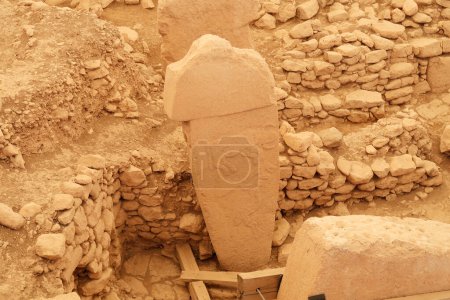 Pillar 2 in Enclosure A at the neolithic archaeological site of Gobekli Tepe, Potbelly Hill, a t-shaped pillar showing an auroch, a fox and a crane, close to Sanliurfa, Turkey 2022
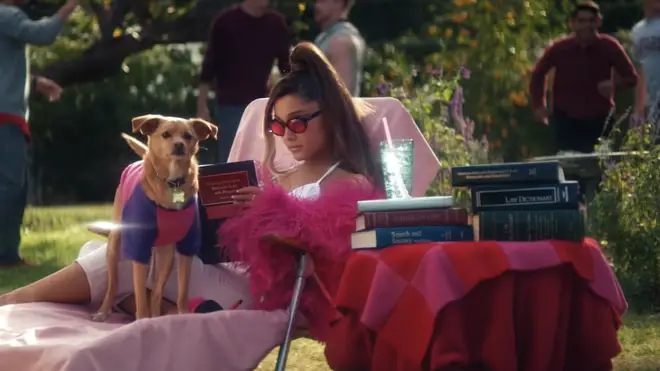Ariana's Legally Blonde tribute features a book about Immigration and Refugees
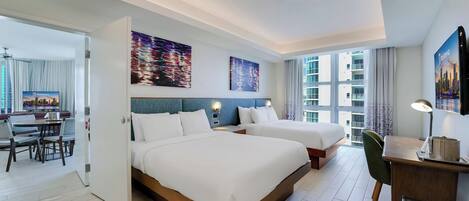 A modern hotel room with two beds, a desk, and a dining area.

Instructions to follow: Exclude the images and reproduce the remaining data exactly.

Response area:
 Pillar 2 in Enclosure A at the neolithic archaeological site of Gobekli Tepe, Potbelly Hill, a t-shaped pillar showing an auroch, a fox and a crane, close to Sanliurfa, Turkey 2022
Ariana's Legally Blonde tribute features a book about Immigration and Refugees
 A modern hotel room with two beds, a desk, and a dining area.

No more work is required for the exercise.